■ **Work instructions**: Your copy runs from the line containing "담다몰 깔끔 정리 메쉬 파우치 지퍼형 물건 보관 망사 파우치 대형 10개" through the last line of the listing, both included. Restate those lines word for word and leave out pictures.

■ **Given data**:
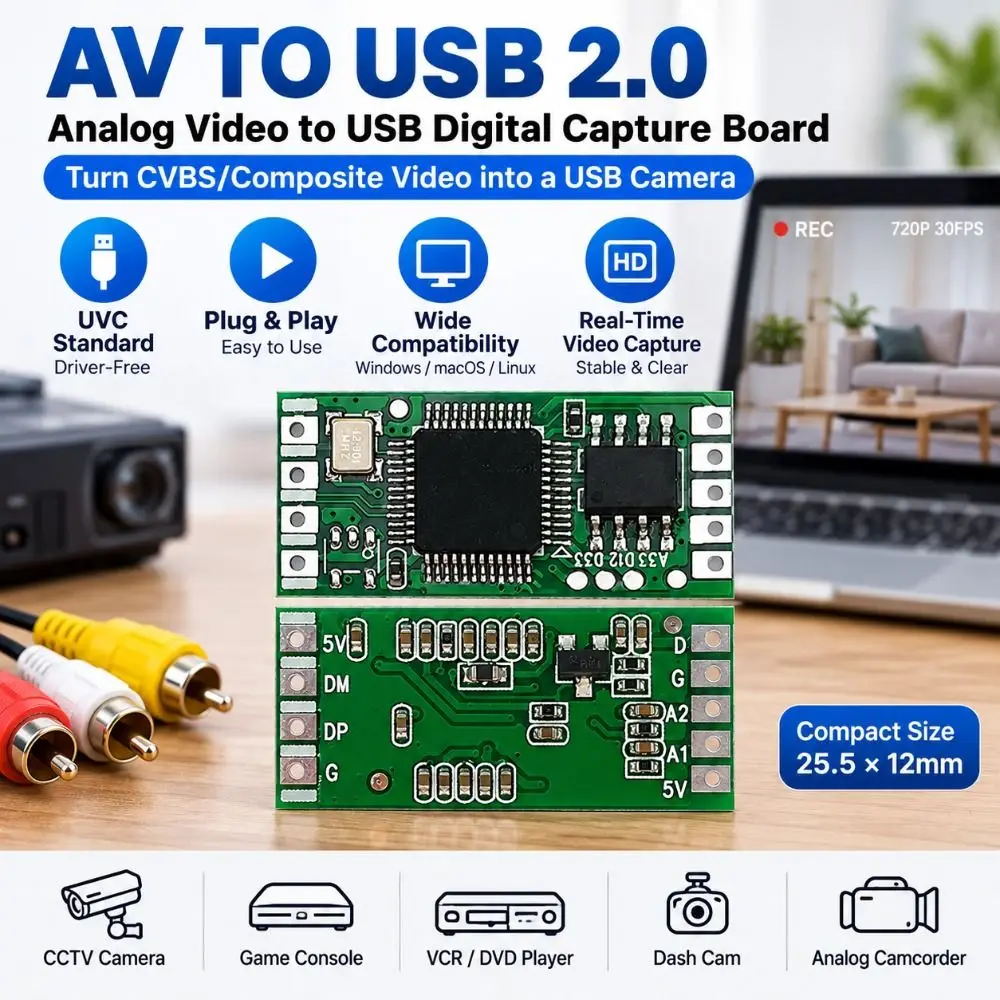 CVBS to USB Video Signal Converter 1080P Versatile Analog to Digital Converter Low Latency Camera Module Converter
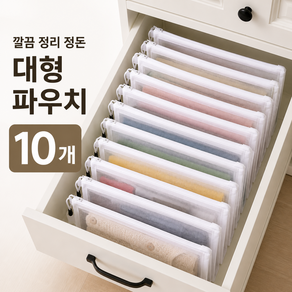 담다몰 깔끔 정리 메쉬 파우치 지퍼형 물건 보관 망사 파우치 대형 10개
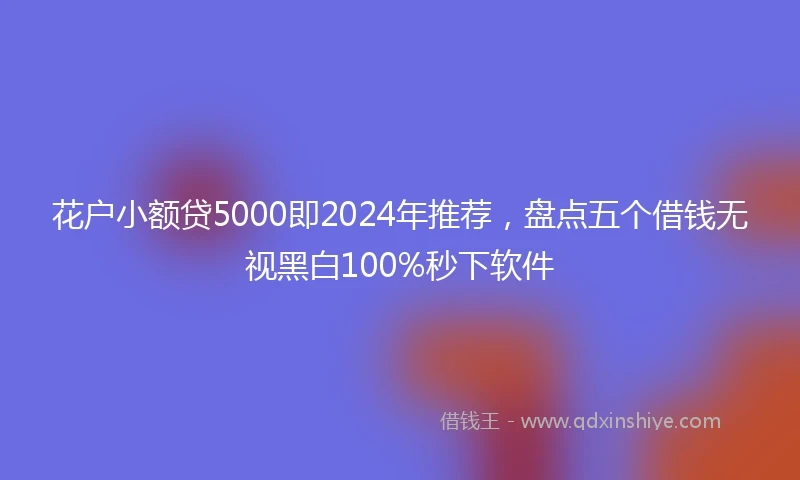 花户小额贷5000即2024年推荐,盘点五个借钱无视黑白100%秒下软件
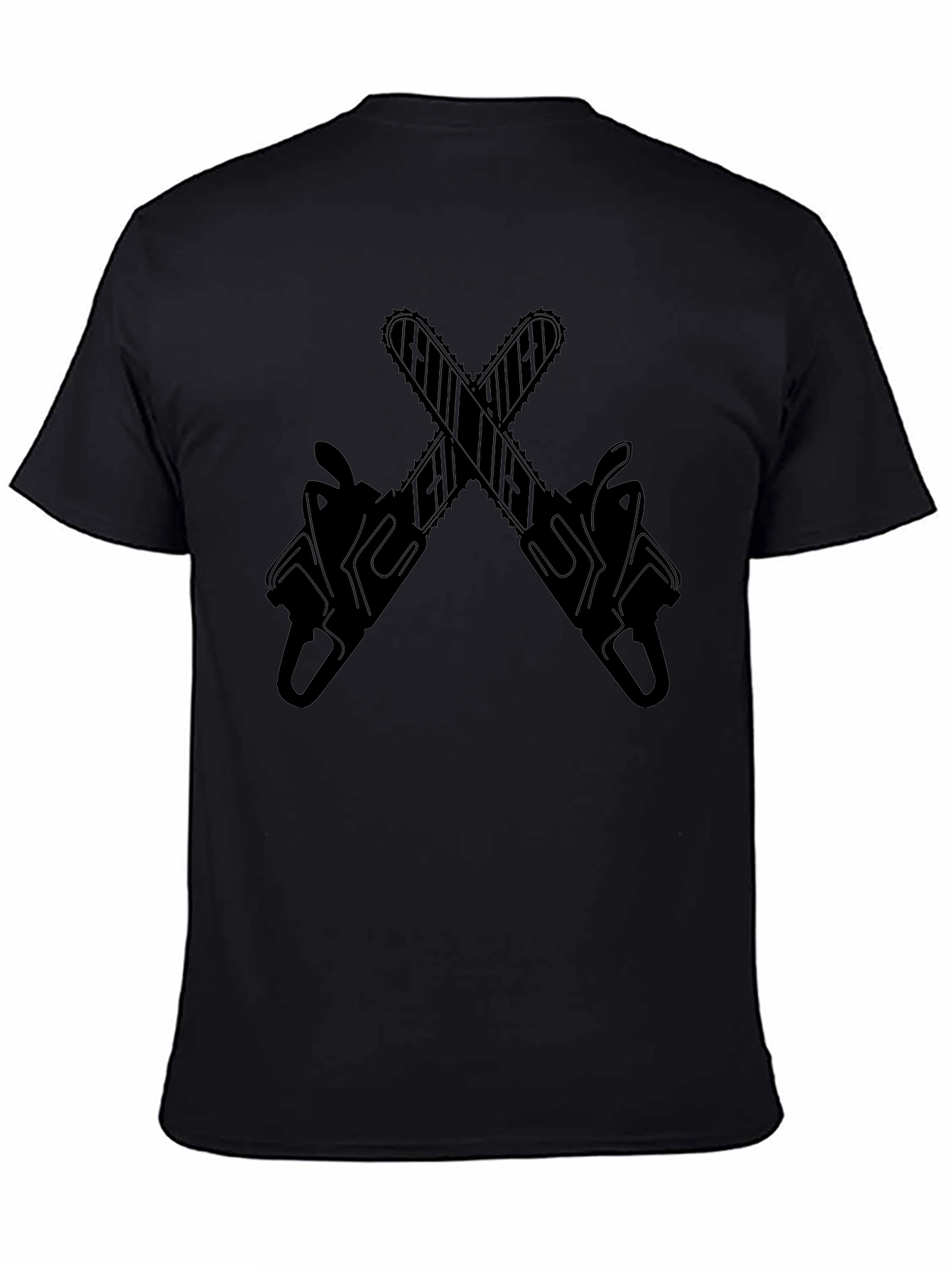 Chainsaw Graphic Tee - Bold Black Design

■ **Worked solution**:
 담다몰 깔끔 정리 메쉬 파우치 지퍼형 물건 보관 망사 파우치 대형 10개
 花户小额贷5000即2024年推荐,盘点五个借钱无视黑白100%秒下软件
 Chainsaw Graphic Tee - Bold Black Design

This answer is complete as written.